Decreasing use of the git exe in GitPHP
- July 11th, 2011
- Write comment
I’m actually not getting screwed by work this month, so I have a branch I’m working on where I’m changing the way GitPHP loads data from a project. I’m moving as much of the data loading as possible into php itself, by having PHP directly access the objects and packfiles in the git project, rather than relying on calls to the git executable. The packfile loading code is based off of Glip, but these changes are not actually using the Glip library itself.

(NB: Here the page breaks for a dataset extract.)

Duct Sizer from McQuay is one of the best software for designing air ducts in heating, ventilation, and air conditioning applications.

The majority of the work is done. I’m going to be merging it into master relatively soon, with the intent of including the changes in the next release. Since this is such a fundamental change to the way data is loaded, I’m providing a configuration option to fall back to using the git executable (like GitPHP has always done) in case there are issues, and I’m considering providing this option on a per-project basis.

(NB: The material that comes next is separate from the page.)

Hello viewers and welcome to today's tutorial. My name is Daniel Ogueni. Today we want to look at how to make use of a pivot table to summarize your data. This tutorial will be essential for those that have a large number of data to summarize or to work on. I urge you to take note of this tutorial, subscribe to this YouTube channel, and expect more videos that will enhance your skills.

Update 7/17: This is merged into master. Any beta testers willing to test the new loading code on their repositories by running from git master would be appreciated… maybe we can knock out any major compatibility issues early.
Q: Why?
A: Several reasons:
- Compatibility. The less calls I have to do to the shell, the less I have to worry about the differences between Linux and Windows, and breaking one or the other (usually Windows, since I develop on Linux)
- Performance. Every shell execution is a fork() off of the webserver’s process. When you run lots of shell commands one after another, fork()-ing the web server process each time, the delay is noticeable.

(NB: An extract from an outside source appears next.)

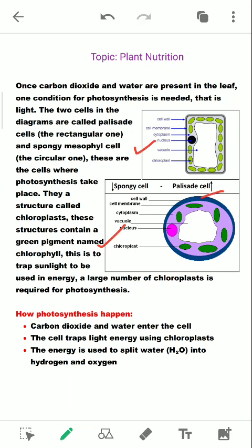You can see they have given the arrows as well. You can see the difference between them — the palisade structure above is rectangular in shape and the lower spongy one is circular in shape. That's why they are different from each other and they are present at different places in the leaf.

- Security. While the good security practice would be to make your git repositories read-only to the webserver user, I bet very few people actually do that. Passing user input down to a shell command is always a dangerous thing to do, and potentially exposes your server to hackers. Unfortunately, I’ve always put functionality above security when calling the git executable, and I’d like to change that.
Q: Why didn’t you use Glip?
A. I experimented with using Glip. In doing so, I found a couple things:
- Glip is incomplete. It doesn’t load all of the objects that can exist in a git project, and is also missing a number of features I would need for it to replace the git executable.
- Glip provides its own API to access objects in a git project – Blob, Commit, Tree, etc. These objects were very similar to the git object representations I had created for GitPHP, but the API was different enough to make them incompatible. In loading data using Glip, I found myself creating Glip objects, manually picking out values off of the properties just to stuff them into my own properties, and discarding the Glip objects. Not only that, but the way it stored data in properties was different enough from my git objects that I ended up having to do redundant conversions. Glip would load data in git’s internal representation, convert them to php’s internal representation, and then I would extract those values and convert them back into git’s internal representation for use in my objects. It just felt like a really redundant amount of glue code. I have no doubt that Glip would be great if you were writing a project from scratch based off it, but ripping apart and rewriting all of GitPHP’s model code is not something I’m looking to do anytime soon.
Q: Does this mean the git executable is no longer required?
A: Right now the git exe is still required.
Q: Does this mean we may not need the git executable in the future?
A. I don’t want to say never, but this is unlikely. While loading data from plain git objects is significantly faster in raw PHP, this also means that the processing has to be done in PHP. There are a number of cases where large amounts of processing in PHP actually make it slower than just biting the bullet and calling the git executable:
- The git rev-list command (used for the shortlog/log) has a –skip command, which is used to skip a certain number of commits down in the log. This is used for the next/prev paging in the log in GitPHP. In raw PHP, we don’t have this option – we have to walk all the way down the commit log ourselves. So in PHP, if you want to get page 5 of the log (commits 401-500), you have to walk the log and load commits 1-500, and discard the first 400. So you can imagine that it gets really slow when you get down to page 21, and you have to load the first 2100 commits and discard the first 2000. And walking the log isn’t just following each parent link – it’s any commit reachable from the tip, which includes all merged branches and any of their reachable commits. The current implementation actually uses raw php for the early pages of the log, but when skipping a significant number of commits, falls back on the git executable in order to keep performance reasonable.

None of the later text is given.